Which makes me wonder if cells not being able to inhibit field effects is related to aging.
I picked the wrong field in college. Math was fun but the kind of abstract that almost feels useless a lot of the time, and biotech really feels like the final frontier anymore.
I think you vastly overestimate our current understanding of the brain/neuronal processing, even singular (neuron) cell's workings. The fMRI enthusiasm turned out wrong a long time ago and there hasn't been much progress since, for all I know. And knowing a gene sequence wasn't enough either. We are still lacking theory big time. For most all of biology, we do not understand anything fully really. Not in neuro science, not in evolution theory, and god forbid not in genetics. Complex != complicated. Complexity is a hard barrier. We do not have abstraction for emergence, merely still recording thing's reactions when you poke them in different ways.
Do we even understand how DNA replication works? It's a relatively simple mechanical process, but it's performed by molecular mechanisms that exhibit oddly intelligent behavior.
The Human Brain Project is a somewhat failed experiment to understand the brain in its entirety. They started by taking human brain cross sections and imaging them down to neuronal resolution, but the scans took up so much space that there wouldn't be enough capacity on the entire planet to store a complete human brain scan. This is a challenge of compression inasmuch as it is a challenge of understanding brains.
I question if progress in any given field X is completely and unequivocally hindered by progress in a dependent field Y. If this is the case, dependencies better be known up front before embarking on any project, unless you like wasting time and money.
Ray Kurzweil presents one theory about the basic neuronal modules in How to Create a Mind (2012). The text is of course controversial - criticism may be as important as the tentative idea presented.
If you want to understand how the brain works this is a good intro with some realistic neuronal network models ( spoiler: these have nothing to do with “artificial neural nets” as we know them) https://www.amazon.com/Brain-Computations-Edmund-T-Rolls/dp/...
Neuroscience is fascinating, well at least the part about image processing, but it's also completely inaccessible. From computer science and programming we are use to having introduction available in the form of articles, videos and cheap training. For Neuroscience it's just straight up hard-mode and you don't know any of the words. I still not even completely sure what a brain atlas is.

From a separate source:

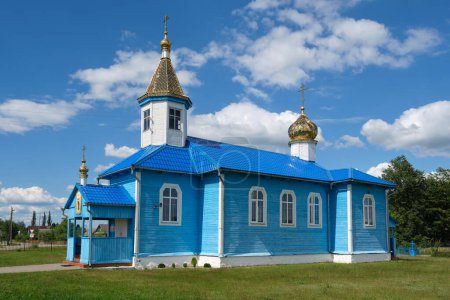 Foto de Antigua iglesia antigua de la intercesión de la Virgen María, Revyatichi, distrito de Beryoza, región de Brest, Bielorrusia. - Imagen libre de derechos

I've seen a few free university courses, but they fill up almost immediately.
YT, for example, contains many resources on brain anatomy and more. Plus, for example, the lessons from Robert Sapolsky at Stanford.

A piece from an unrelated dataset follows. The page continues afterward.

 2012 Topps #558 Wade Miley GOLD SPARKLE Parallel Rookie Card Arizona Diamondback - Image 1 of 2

Plus, there exist the primer books from Rita Carter (first of all, Mapping the Mind).
There are loads of good material around. Note though, that CS is "forward" engineering, while Brain Science is backward engineering. So, if you do not find material that build from the ground up... it is easily because we are not at that level.
So I expected this to be about the human brain since sites like http://mousebrain.org/ already existed, but it looks like it's research that has been done on mice brains as well? Can someone explain the differences here?

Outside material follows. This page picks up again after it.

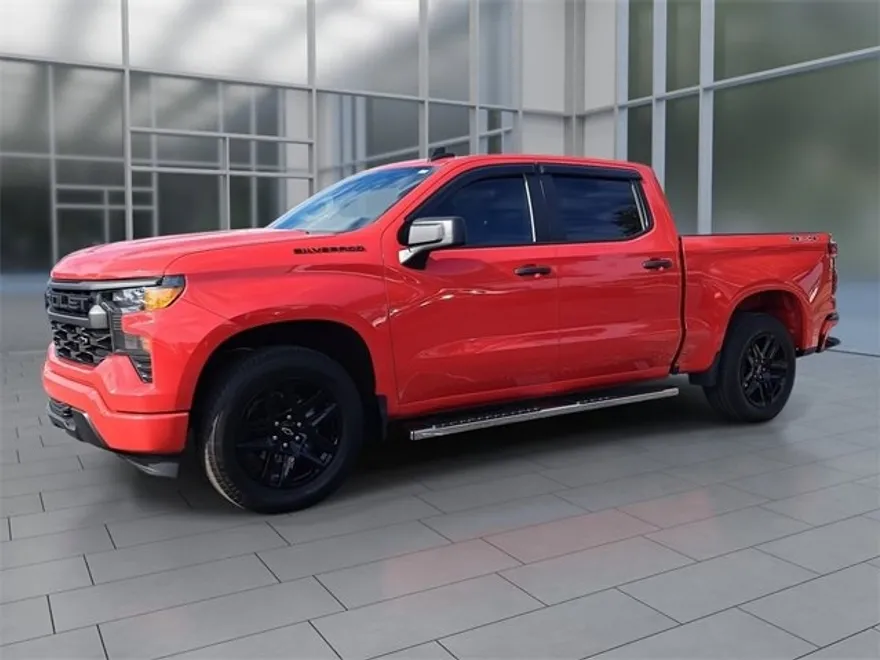 2023 Chevrolet Silverado 1500 Custom photo 1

Hey vanderZwan, we have a paper in the collection (there’s 17 brain atlas papers in this issue of Nature) on human, marmoset and mouse motor cortex (my group did the human). I think it’s cool that pretty much all the cell types could be aligned between those species, which diverged 90 million years ago.
Our full human brain cell type atlas is work in progress but hopefully we’ll post the preprint early next year.
the headline is attention seeking since there are numerous pre-existing brain atlases that describe the anatomy/cellular/molecular parts in different ways. You can check https://portal.brain-map.org/ for many examples.
I think a good comparison to this kind of work is what has happened previously in astronomy, where scientists work to answer their specific questions using large open datasets acquired using shared infrastructure (fancy telescopes for astronomy, microscopes for biology).